The background to the overhaul of the pensions industry, which has come to be known as pension freedoms, was the perception the market for retirement was not working properly.
That is according to Peter Bradshaw, national accounts director at Selectapension.
At the same time, annuities were not looked on quite as favourably as they once had been.
He recalls by the time then-chancellor George Osborne made his Budget announcement about removing the need for every retiree to buy an annuity, the annuities market was seen to represent poor value.
“If you went back 20 years ago, an annuity was quite a good thing to have,” he remembers.
So what had changed in that time?
Fiona Tait, technical director at Intelligent Pensions, explains: “For a number of well documented reasons, the income available from annuities was falling and people were being put off pension saving by the fact that they couldn’t access their money without taking all of their income at once.

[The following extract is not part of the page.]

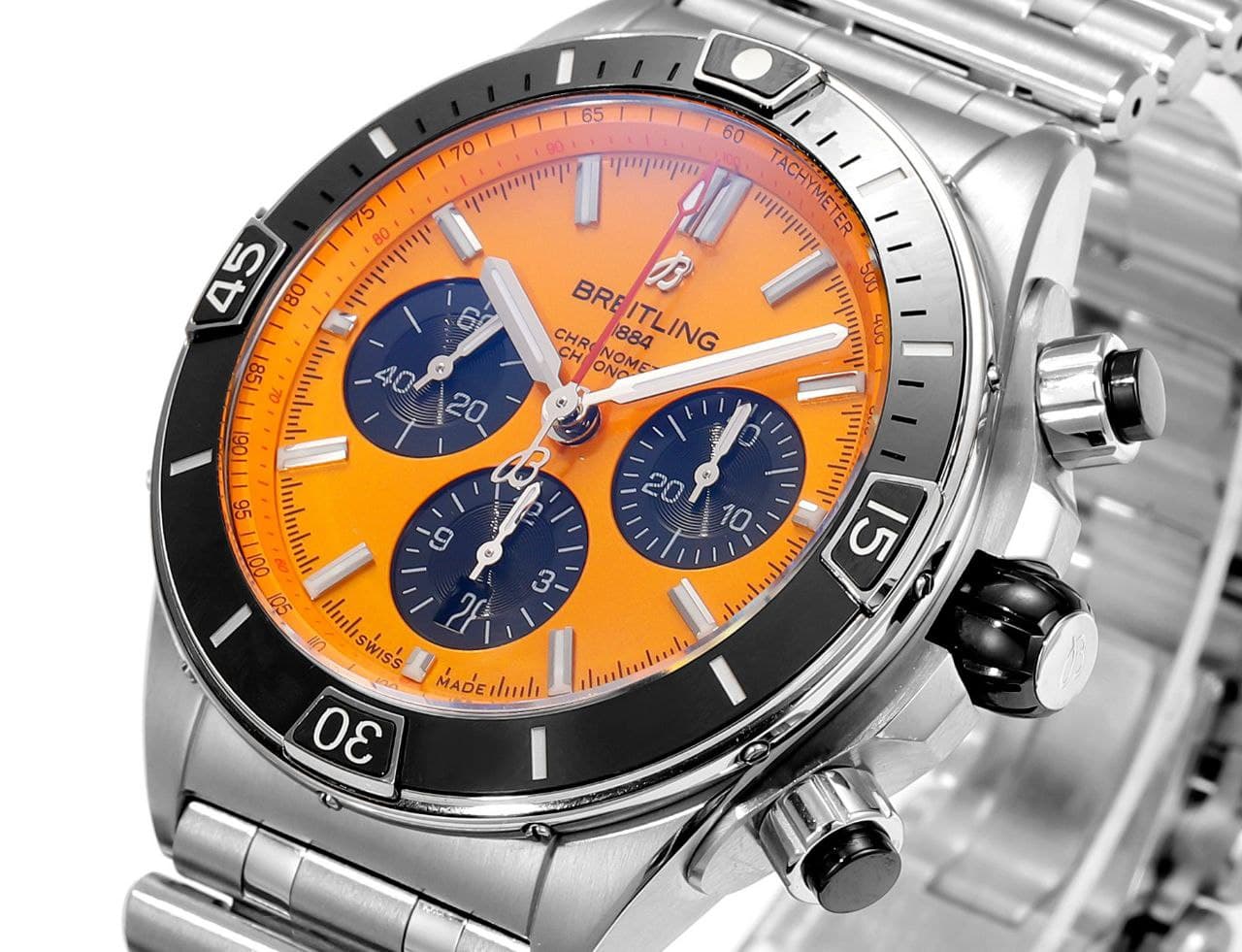 Breitling Chronomat B01 Org/Stk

“Income drawdown was introduced in 1995 to address this problem. However, due to the associated investment risks the majority of retirees were still likely to end up with an annuity.”
Bernadette Lewis, financial planning manager at Scottish Widows, recalls: “Before the reforms, alternatives to annuity purchase included capped drawdown, or flexible drawdown for those with secure pension income of at least £20,000 a year (reduced to £12,000 a year for new declarations from 27 March 2014)."

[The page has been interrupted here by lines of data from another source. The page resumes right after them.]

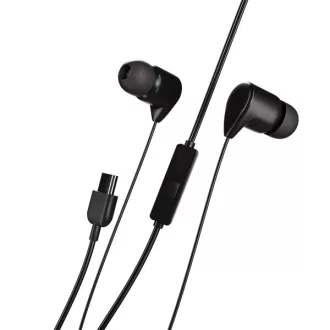MAXELL Fülhallgató, EB10 BASS13, In-ear, fekete, USB-C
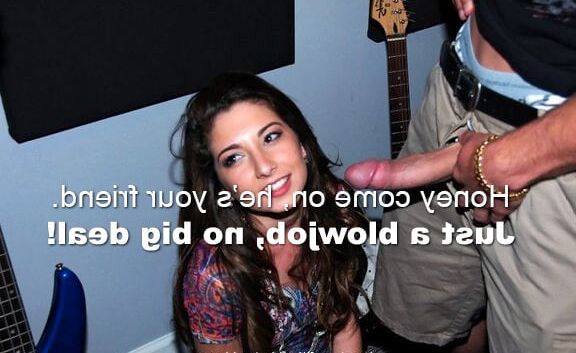 Cuckold and Hotwife Captions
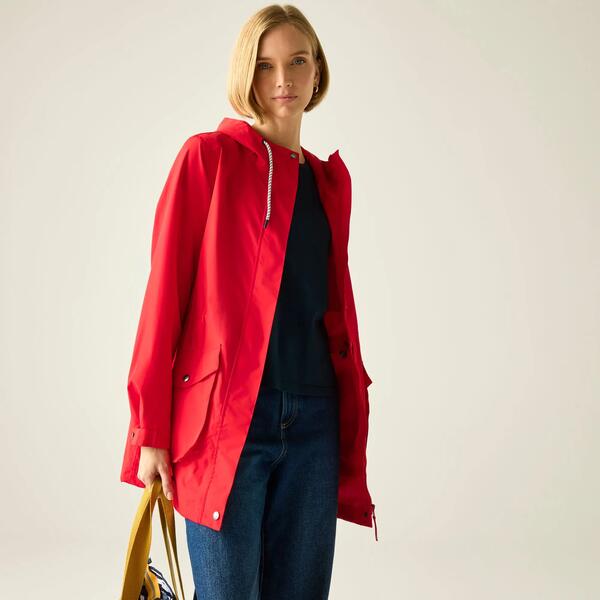 REGATTA Chaqueta impermeable con capucha Norana para mujer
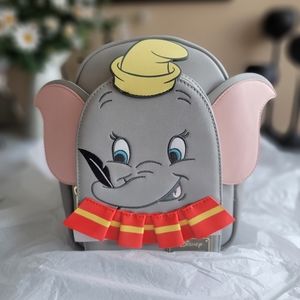 NWT DUMBO 80TH ANNIVERSARY COSPLAY LOUNGEFLY MINI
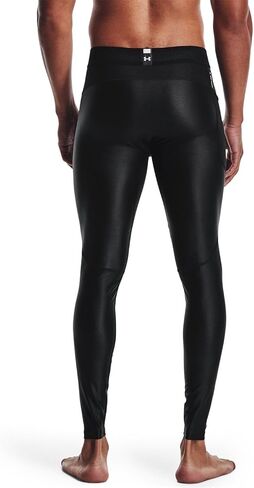بنطال ضيق رجالي من Under Armour من HeatGear Iso-Chill مقاس L أبيض in Saudi Arabia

"But these forms of drawdown weren’t generally suitable for the majority with relatively low levels of DC pension savings. That left annuities as the possibly unsatisfactory solution for those with too much to qualify for a trivial commutation lump sum, but too little to fund a worthwhile retirement income."
Gareth James, head of technical resources at AJ Bell, agrees the purchase of an annuity had become the norm.

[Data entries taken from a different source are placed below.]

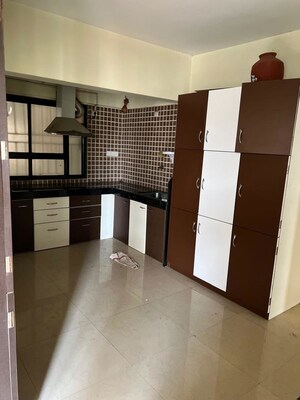 Kitchen in 2 BHK Apartment at Ganesh Nakshatram, Dhayari – for Sale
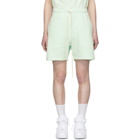 Essentials SSENSE Exclusive Green Fleece Shorts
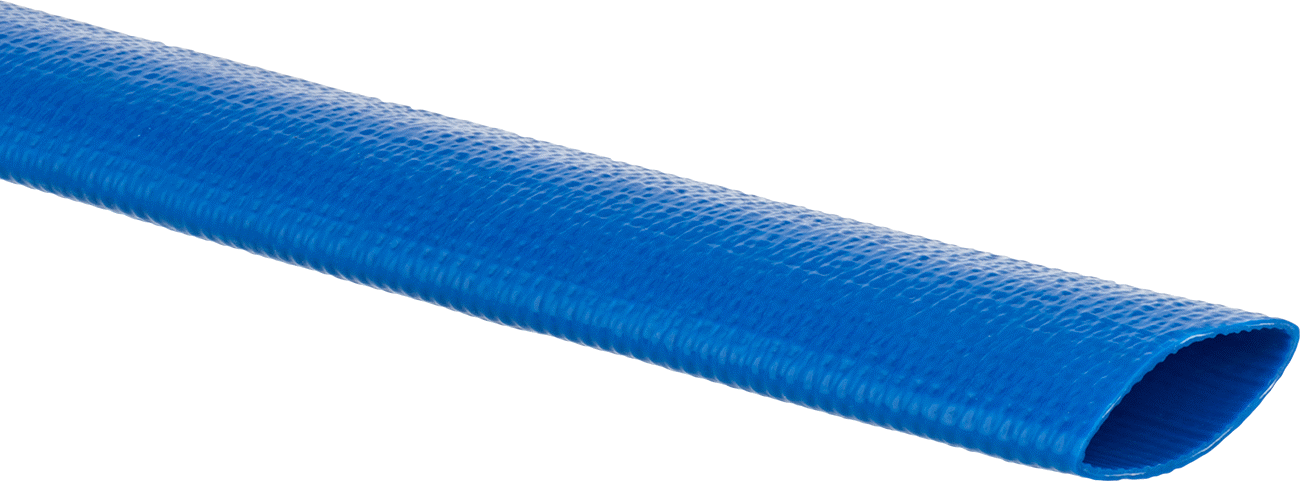 Düşük Basınçlı Kolay Saklanabilir Tahliye Su Hortumu, 3/4" ID, 1-5/16" Genişlik, 0,04 inç Duvar Kalınlığı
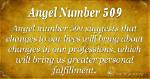 Angel Number 509 Meaning: Personal Fulfilment ·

“For most, the retirement saving landscape used to involve building up a pension until they hit their 65th birthday and then handing over their pension pot to an insurance company to provide an annuity for life,” he says.
“A fall in the income available from annuities in the years before the freedoms had tarnished their image, with the belief that they were the only option available to savers and offered poor value for money.”
Prior to April 2015 when the concept of pension freedoms was introduced, all those with pension pots under a certain size were “frozen out” of the drawdown market, recalls Neil Adams, pensions and investments expert at Drewberry.
While those with pension pots sizeable enough for drawdown were still required to purchase an annuity at the age of 75, he notes.
The retirement market appeared to be inflexible and wanted everyone, regardless of circumstance and wealth, to conform to the annuity model.